Voorts is, eveneens anders dan ten aanzien van een scholingslening, (in beginsel) geen sprake van bekostiging uit publieke middelen. Na verstrekking van een persoonlijke lening is immers het uitgangspunt dat deze geheel wordt terugbetaald. Ook wordt, al is dat niet marktconform, een rentepercentage van 3% gehanteerd.
7.3.
De omstandigheid dat de GKA onderdeel uitmaakt van de gemeentelijke organisatie is voor een andere conclusie onvoldoende. Datzelfde geldt voor de omstandigheid dat verweerder de mogelijkheid van persoonlijke kredietverlening door de GKA beschouwt als onderdeel van het gemeentelijk minimabeleid.
8. De rechtbank concludeert gelet op het voorgaande dat de aangevallen beslissing geen besluit in de zin van artikel 1:3 van de Awb is en dat verweerder het bezwaar van eiser daarom terecht niet-ontvankelijk heeft verklaard.
9. De rechtbank verklaart het beroep ongegrond.
10. Voor een proceskostenveroordeling of vergoeding van het griffierecht bestaat geen aanleiding.

Beslissing

De rechtbank verklaart het beroep ongegrond.
Deze uitspraak is gedaan door mr. A.J. Dondorp, rechter, in aanwezigheid van
mr. M. Belhaj, griffier.
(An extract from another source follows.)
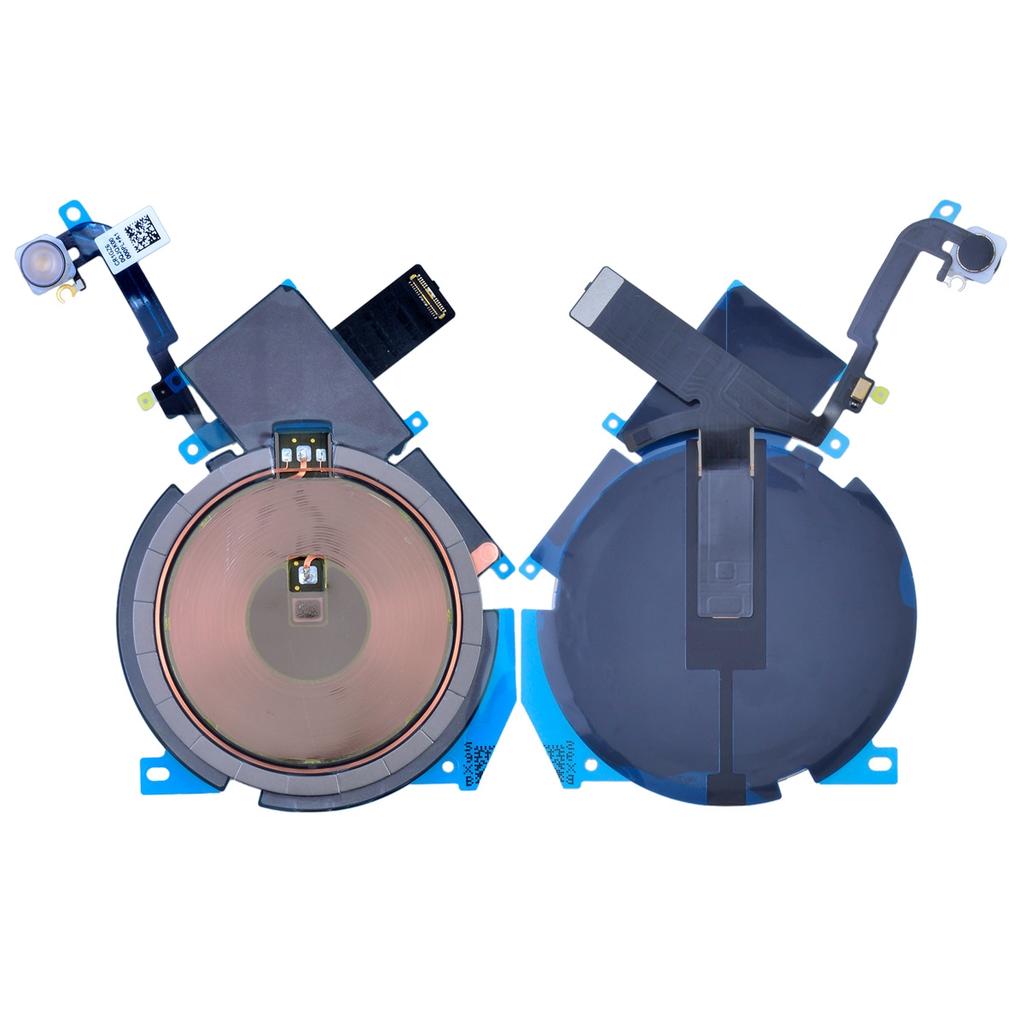 For iPhone 15 Pro Camera Flash Flex Cable+Wireless Charging Port Cable (Without Logo)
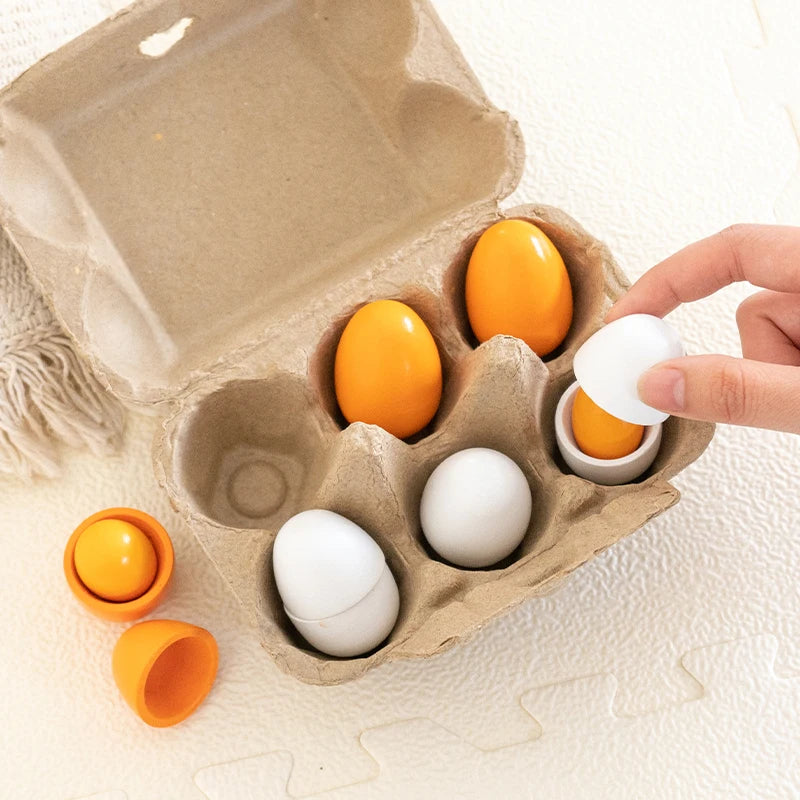 Little 6 Wooden Eggs Set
De beslissing is in het openbaar uitgesproken op 6 februari 2019.
griffier
rechter
Afschrift verzonden aan partijen op:
Conc.:MBe
D:C

Rechtsmiddel

Tegen deze uitspraak kan binnen zes weken na de dag van verzending daarvan hoger beroep worden ingesteld bij de Centrale Raad van Beroep. Als hoger beroep is ingesteld, kan bij de voorzieningenrechter van de hogerberoepsrechter worden verzocht om het treffen van een voorlopige voorziening of om het opheffen of wijzigen van een bij deze uitspraak getroffen voorlopige voorziening.

Voetnoten

1.Kamerstukken II, 1999/2000, 29 906, nr. 3, p. 2.
2.Kamerstukken II, 1999/2000, 29 906, nr. 3, p. 13.
3.Algemene voorwaarden persoonlijke lening, saneringskrediet en schuldbemiddeling, artikel 3 onder e. (augustus 2009)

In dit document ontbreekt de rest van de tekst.